TB challenge Project: I would not have lost my cousin if she had been diagnosed earlier -Talatu
By Habiba bello
Those who share their living space with people who have been diagnosed with tuberculosis (TB) have a much higher chance of catching the disease than the population in general, so not surprisingly checking all these people (known as ‘contact investigation’) is a way of finding more people who have TB.
In Nigeria, USAID’s Challenge TB project has trained over 338 healthcare workers, across 184 local government areas all of whom are now working as contact investigators and visiting the homes of every person who is diagnosed with TB. The investigators are taught how to identify people who may have the disease, and how to collect sputum samples that can be sent to testing centers to confirm the diagnosis.
Talatu Dalihu is one of these new contact investigators. She works in the Nasarawa area of Kano State and began her career as a health worker over fifteen years ago. She became interested in fighting TB when she lost a cousin to TB a couple of years ago.
“When I heard about the Challenge TB training, I knew that I had to participate, as I am sure I would not have lost my cousin if she had been diagnosed earlier”, Talatu Dalihu said.
Working as a contact investigator has become Talatu’s calling in life, she looks for every opportunity she can to find as many people with TB. In January 2018, she was at work in Kano General Hospital, when she met Sadiq Dan-Asabe. Sadiq has drug-resistant TB and had just been admitted to the hospital to start his treatment.

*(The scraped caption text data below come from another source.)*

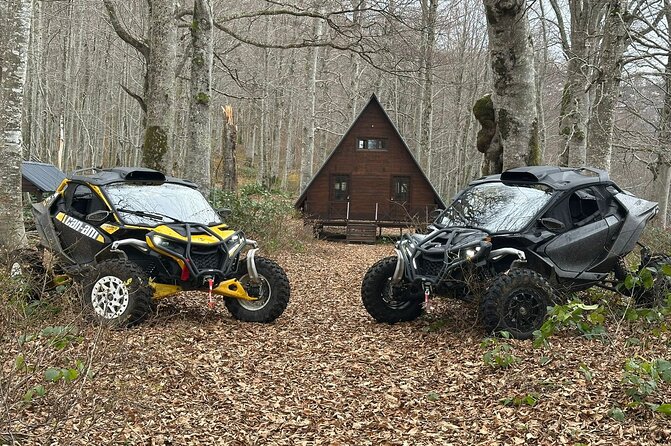 Batumi: Mtirala ATV, Buggy Maverick RZR & Horse Riding Adventure - ATV rides: fun, but check the time and price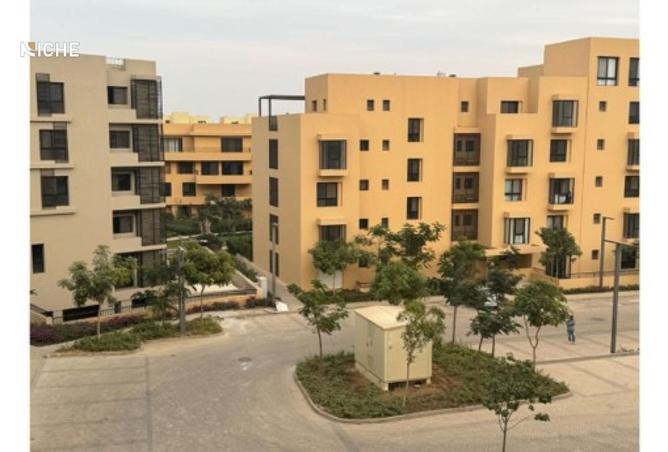 8265569 - Property Image 3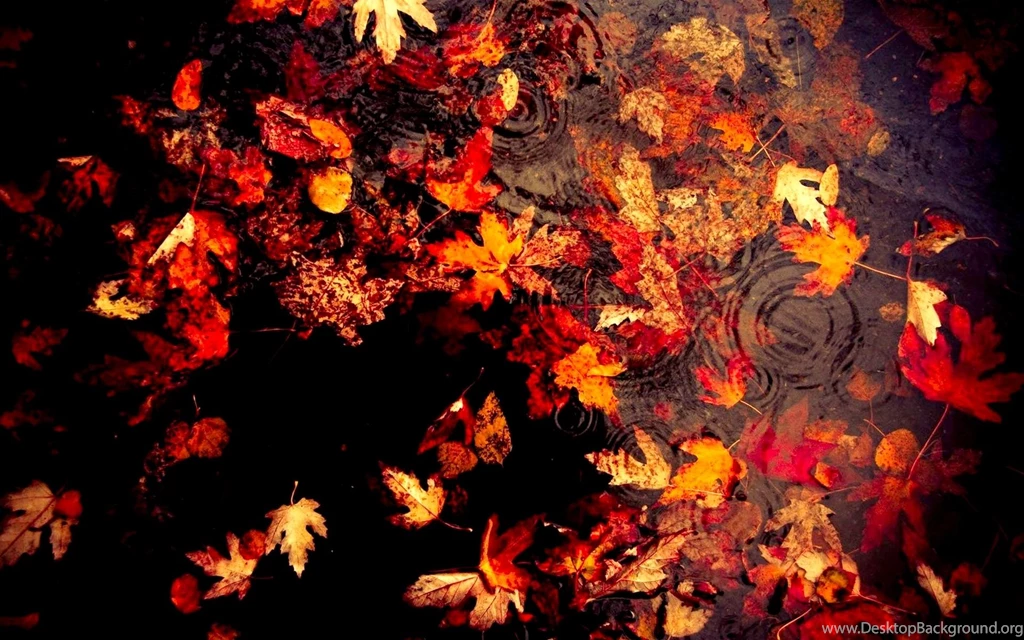 Collection Flowers Wallpapers • NgepLuk.com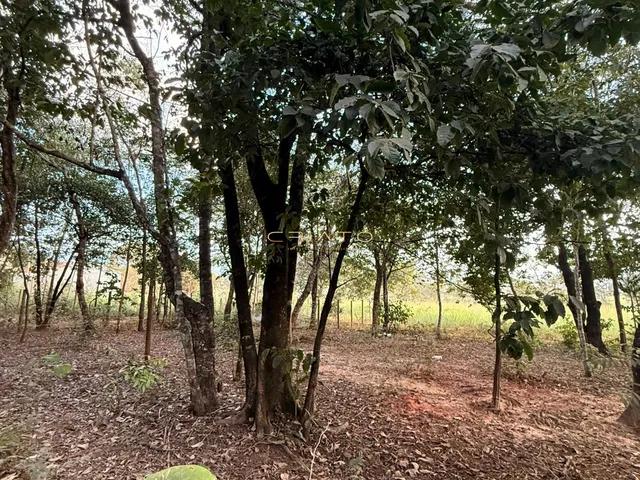Imagem 10: Lote de Oportunidade em Pirenópolis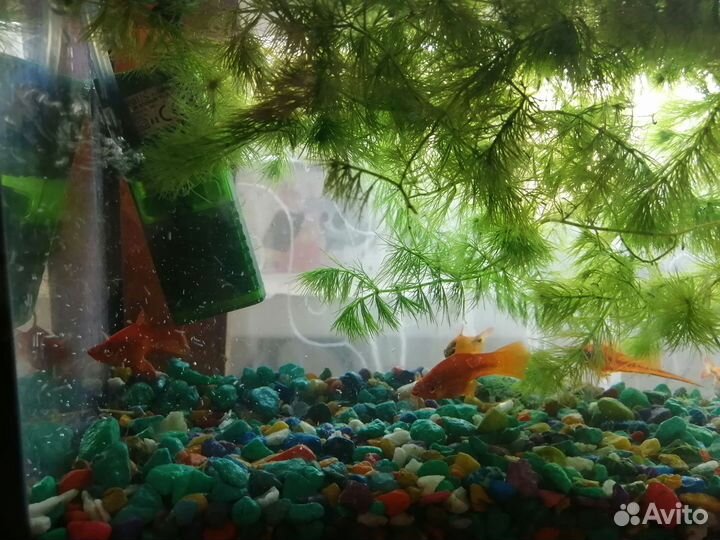 Аквариум с содержимом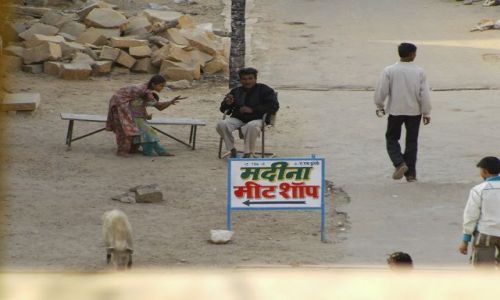 INDIE / Rajasthan / Jaisalmer - pustynia Thar / wita winka...:-)???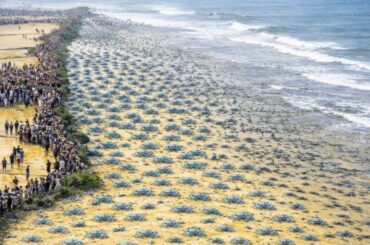 Blue crabs ATTACK, CAUSING DISASTER on the Italian coast - What happened has SHOCKED SCIENTISTS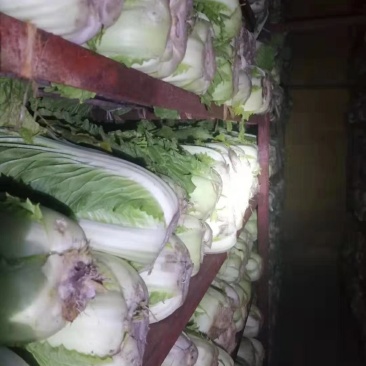 山东大白菜，北京三号，北京新三号白菜大量供应，货源充足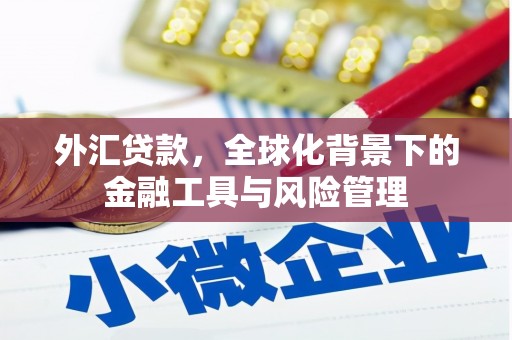 麻江外汇贷款，全球化背景下的金融工具与风险管理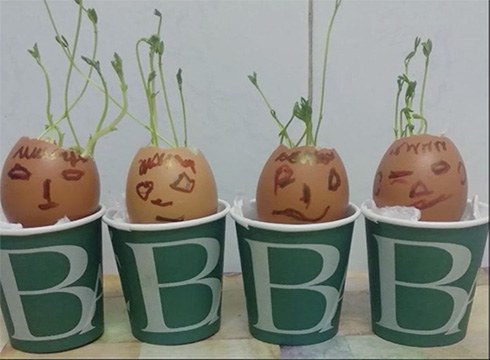 Eibar BHI-ko ZIG gelako ikasleek itxialdia nola pasatu duten erakusteko bideoa egin dute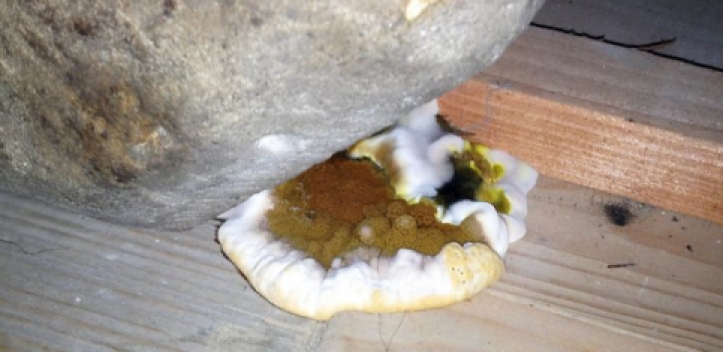 Hausschwamm als Chemiker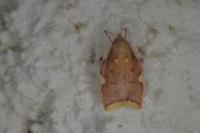 Carcina quercana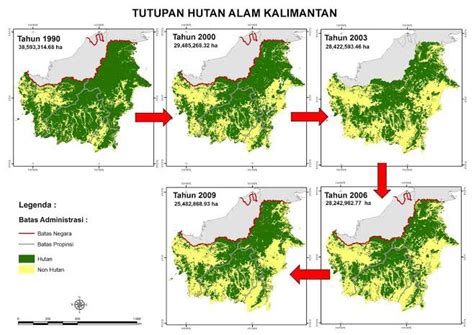 Apakah Laju Deforestasi Di Pulau Kalimantan Melambat Luas Hutan Alam Di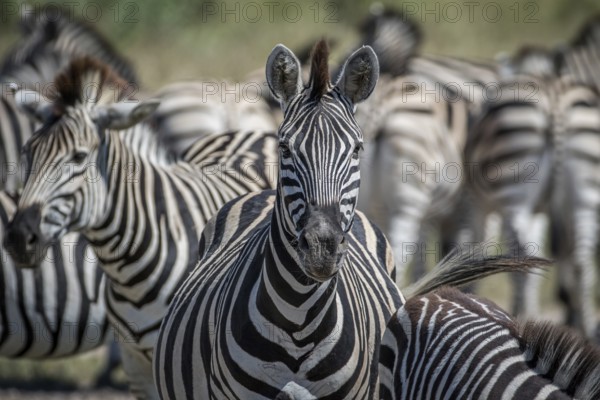 Zebra starring at the camera in the Chobe National Park, Botswana, Africa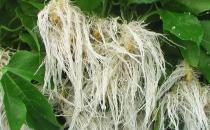 促進(jìn)植物根系生長的因子是什么
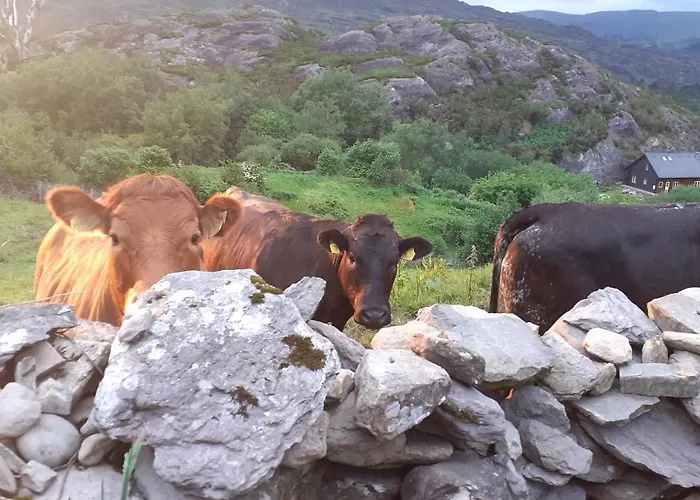 Cuckoo Tree House Beara Peninsula *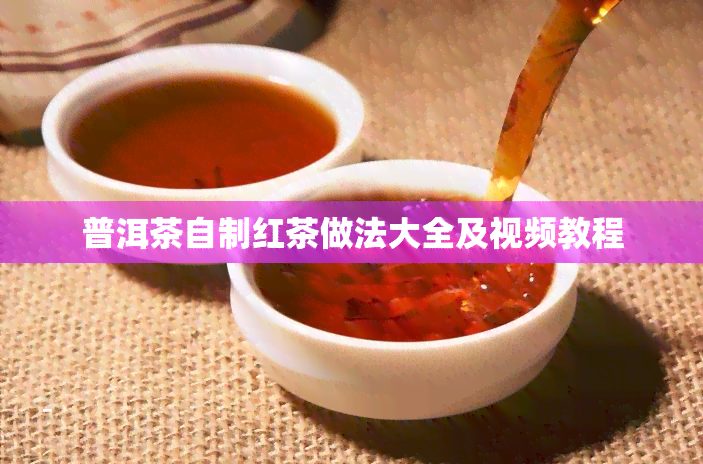 普洱茶自制红茶做法大全及视频教程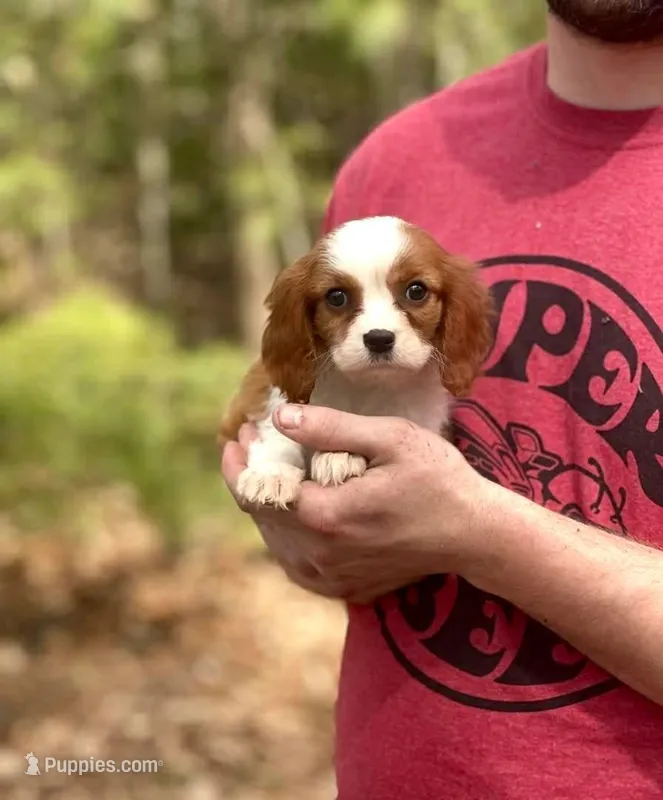 Max – Cavalier King Charles Spaniel puppy for sale in Fairfield, ME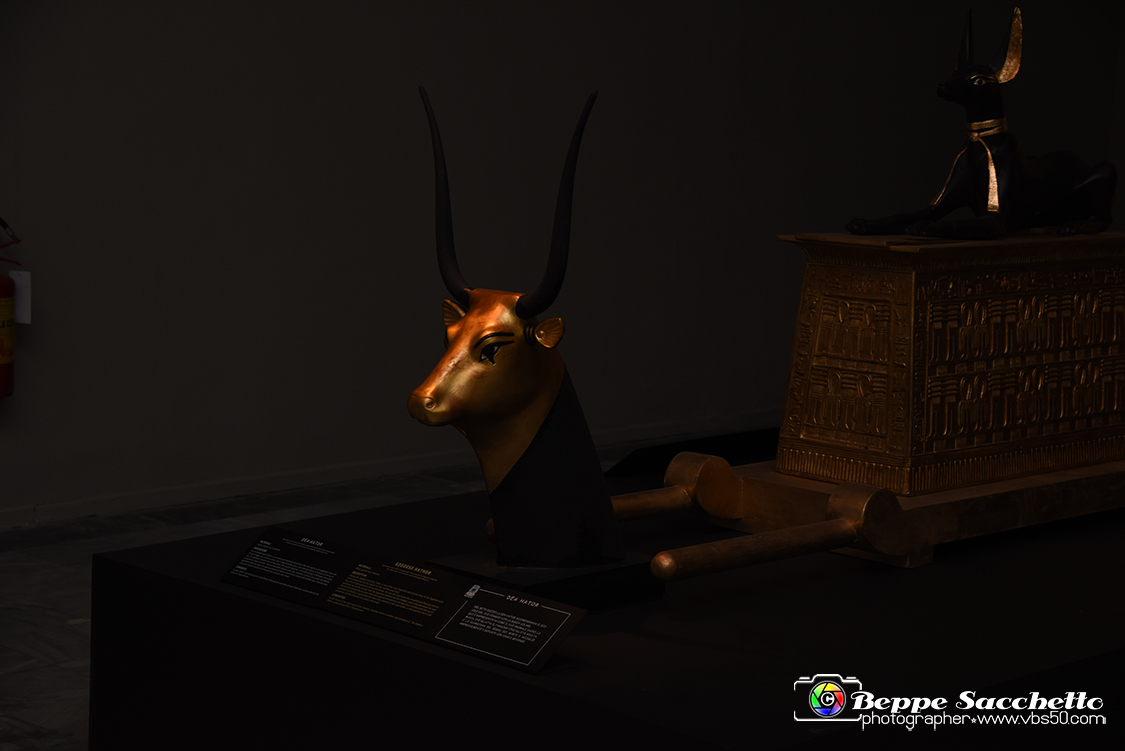 VBS_5188 - Tutankhamon - Viaggio verso l'eternità.jpg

Talatu seized the moment and introduced herself explaining who she was and why it was important that she visited his home to see if anyone living with him was also infected.
The very next day Talatu visited Sadiq’s family home and found ten people living there, precisely the sort of place where TB thrives, small living spaces, crammed full of people. TB bacteria become airborne when someone with the disease coughs and can remain in unventilated dark rooms for many hours, which puts everyone inside at high-risk of also becoming infected.
Sadiq was living with his two brothers and their wives, his sister Amina and her husband, and four children. Talatu gathered the family together and explained the reason for her visit, and although none of them said they were experiencing any TB symptoms, she still asked them to provide samples for testing because she wanted to be absolutely sure. The children were all put on isoniazid preventive treatment (IPT) to stop them from getting TB, and the samples were tested at a local laboratory using a GeneXpert machine purchased by USAID/Challenge TB.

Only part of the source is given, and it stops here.